Drop every picture. Return the rest of the entries exactly.

====== Extracted records

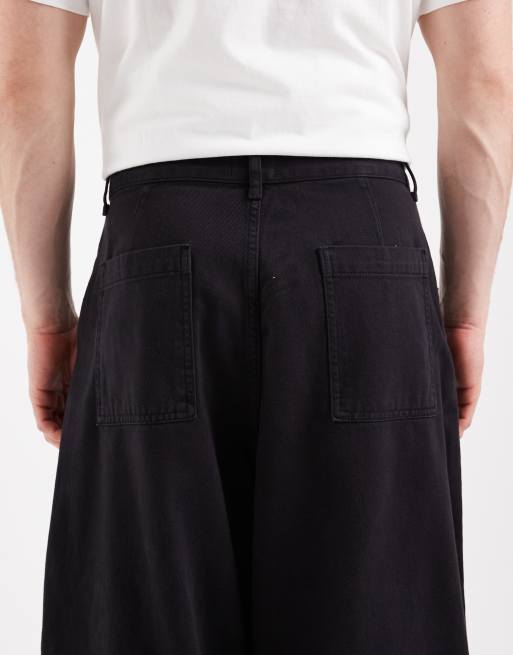 ASOS DESIGN oversized baggy trousers in black with pleats, 5 of 5
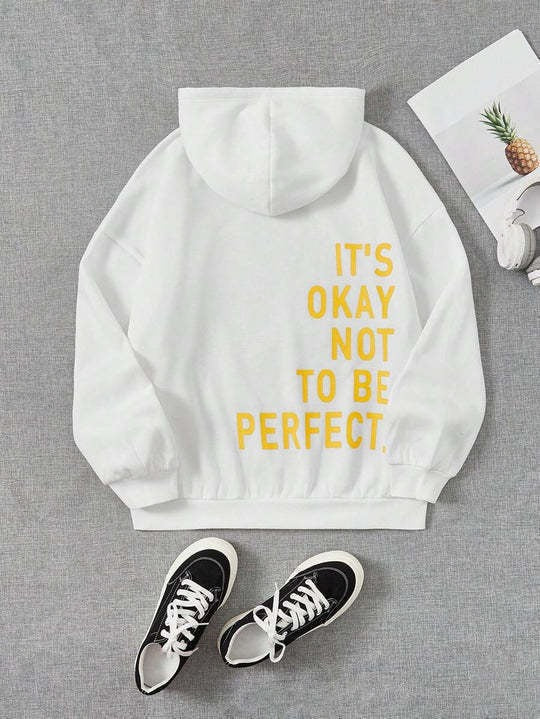 Women's Hoodie – Oversized Fit – Soft Cotton Blend – Long-Sleeved Statement Design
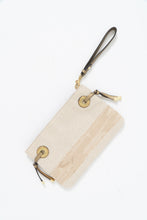 Load image into Gallery viewer, Vintage x COACH Beige, Gold Fabric Clutch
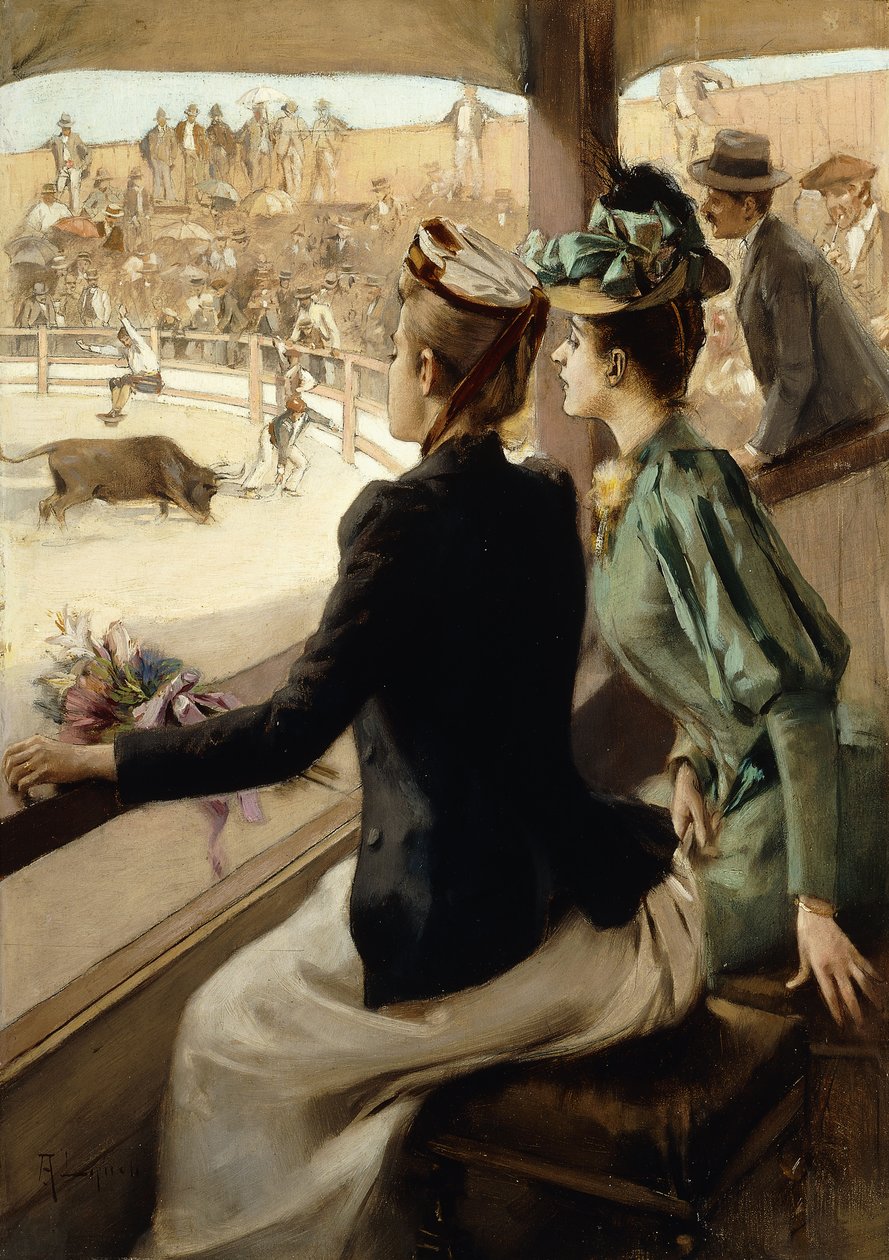 في The Bullfight ، بواسطة ألبرت لينش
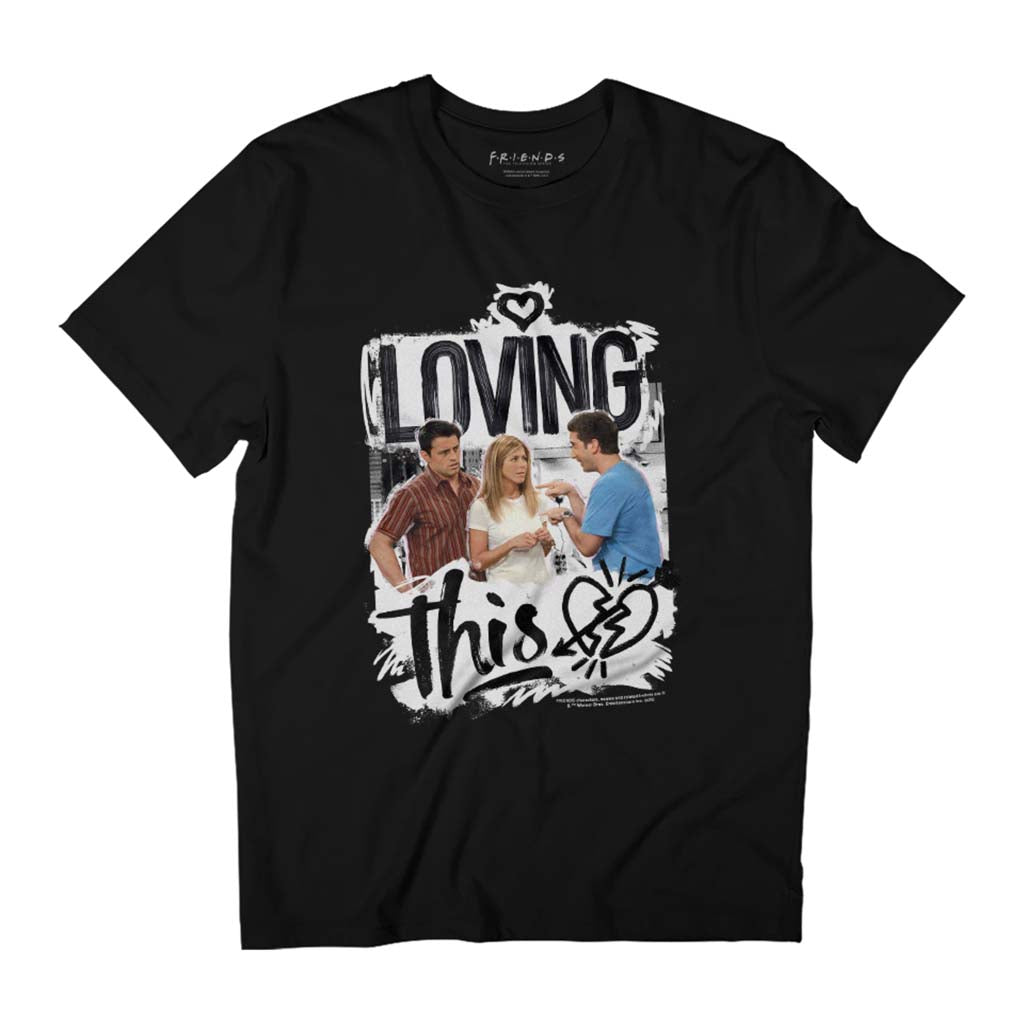 Friends Ross Rachel & Joey Loving This Men's T-Shirt product image 1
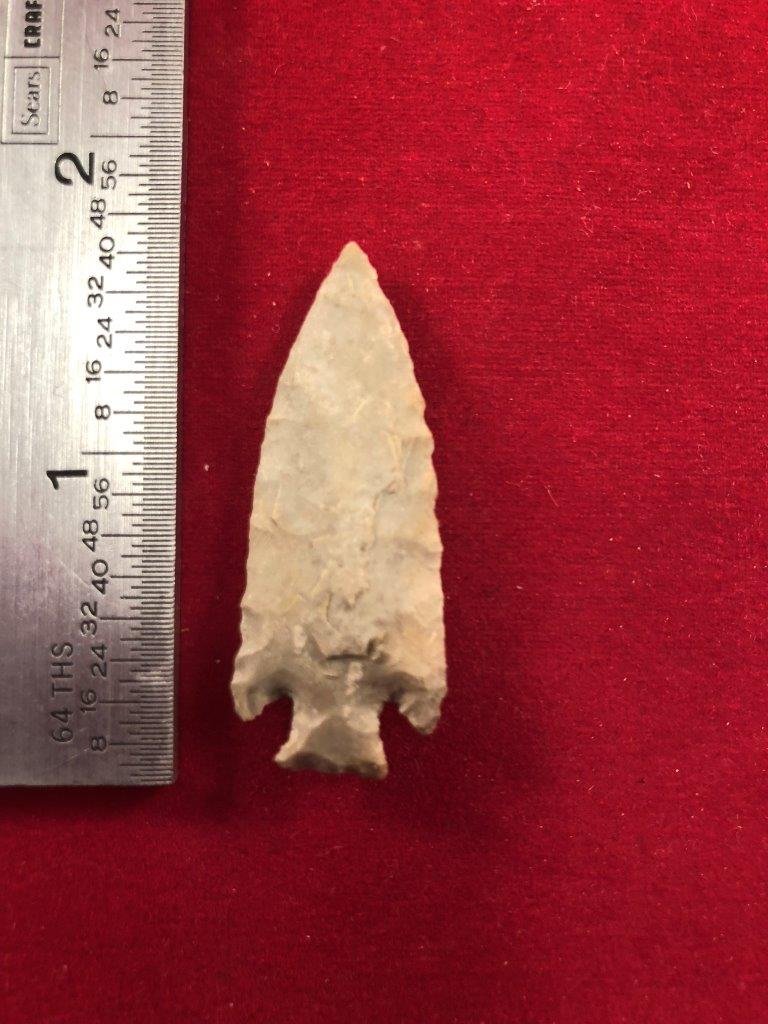 ROSE SPRINGS CORNER NOTCH     INDIAN ARTIFACT ARROWHEAD (1 of 3)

============

## Output for this task
 ASOS DESIGN oversized baggy trousers in black with pleats, 5 of 5
 Women's Hoodie – Oversized Fit – Soft Cotton Blend – Long-Sleeved Statement Design
 Load image into Gallery viewer, Vintage x COACH Beige, Gold Fabric Clutch
 في The Bullfight ، بواسطة ألبرت لينش
 Friends Ross Rachel & Joey Loving This Men's T-Shirt product image 1
 ROSE SPRINGS CORNER NOTCH     INDIAN ARTIFACT ARROWHEAD (1 of 3)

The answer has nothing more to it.